◆ **DIRECTIONS**
All lines from the one containing "2018 Audi R8 V10 RWS - фотография 68 из 143" to the end of the listing below should be output exactly; omit the pictures.

#### SOURCE DATA ####

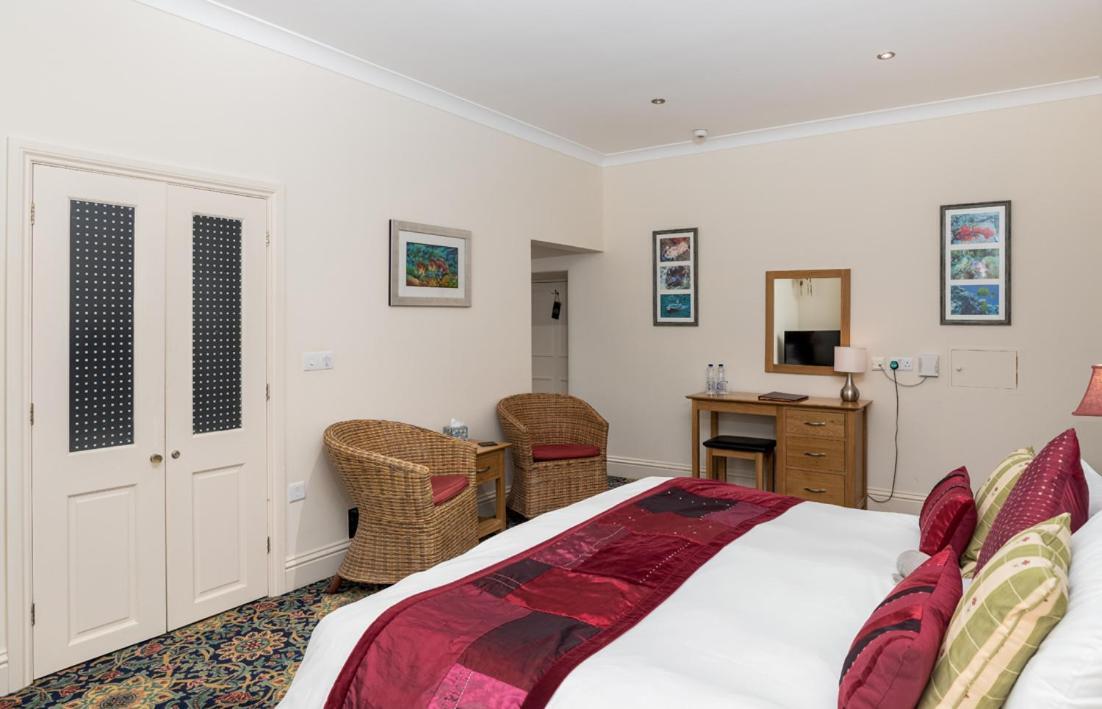 Ffarm Country House Абергели Екстериор снимка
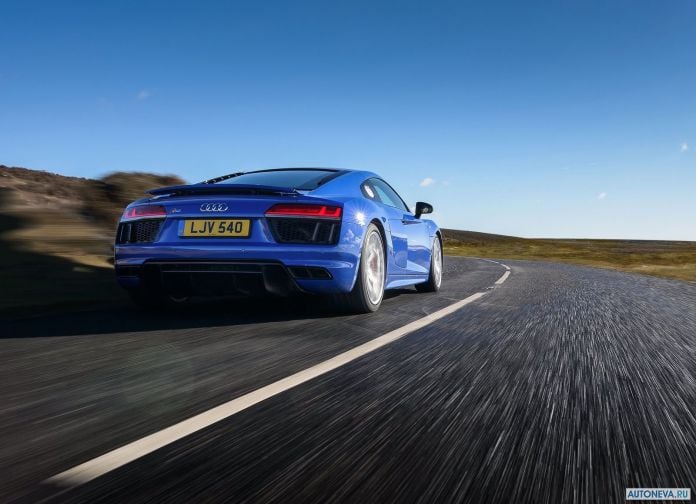 2018 Audi R8 V10 RWS - фотография 68 из 143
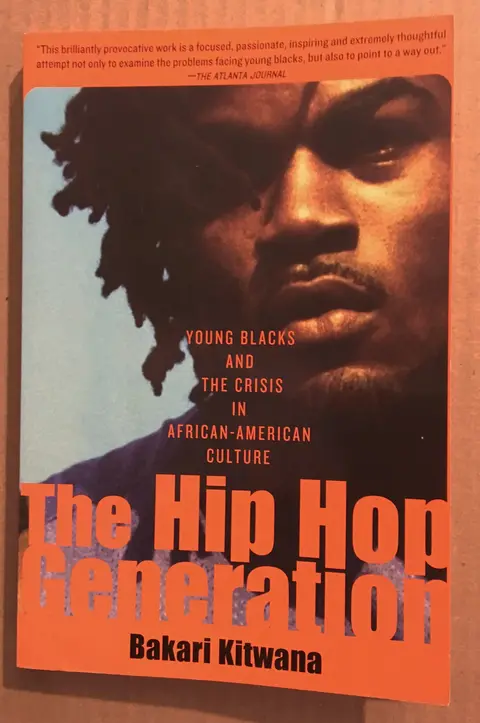 Cover of Hip Hop Generation
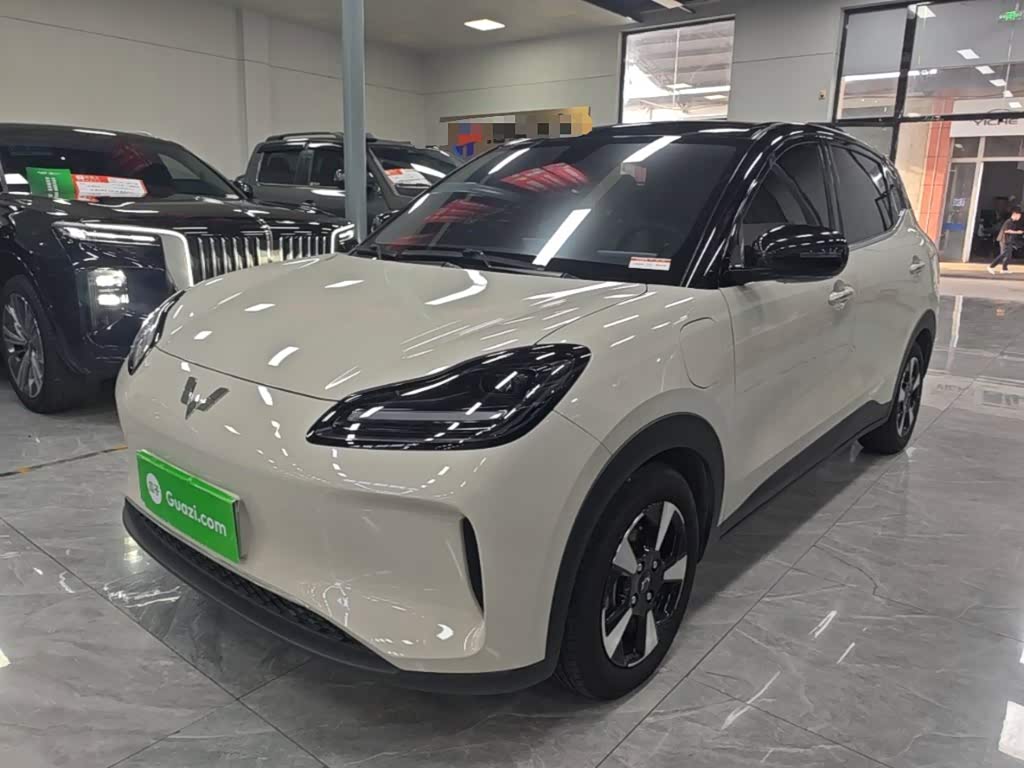 Wuling BinguoPLUS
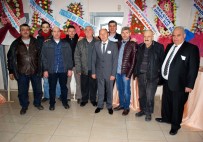 ALİ ŞEKER - Salihli'de Lokantacılar Fatih Azak İle Devam Dedi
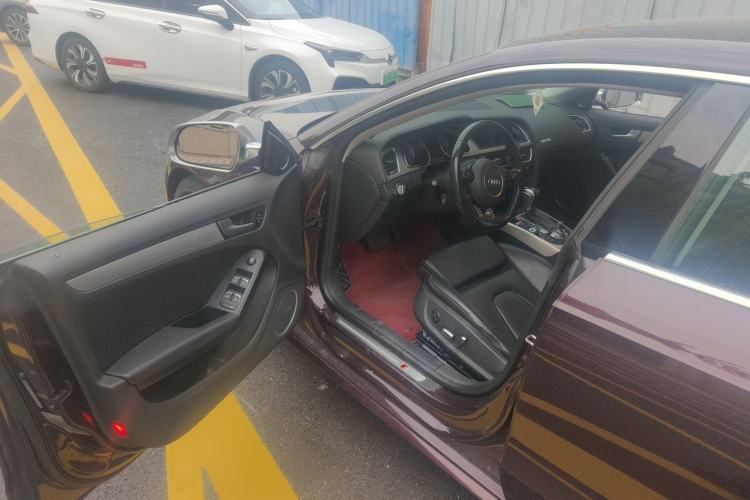 Used Audi A5 2014 Sportback 45 TFSI quattro Driver Seat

####

◆ **OUTPUT FOR THIS EXERCISE**
 2018 Audi R8 V10 RWS - фотография 68 из 143
 Cover of Hip Hop Generation
 Wuling BinguoPLUS
 ALİ ŞEKER - Salihli'de Lokantacılar Fatih Azak İle Devam Dedi
 Used Audi A5 2014 Sportback 45 TFSI quattro Driver Seat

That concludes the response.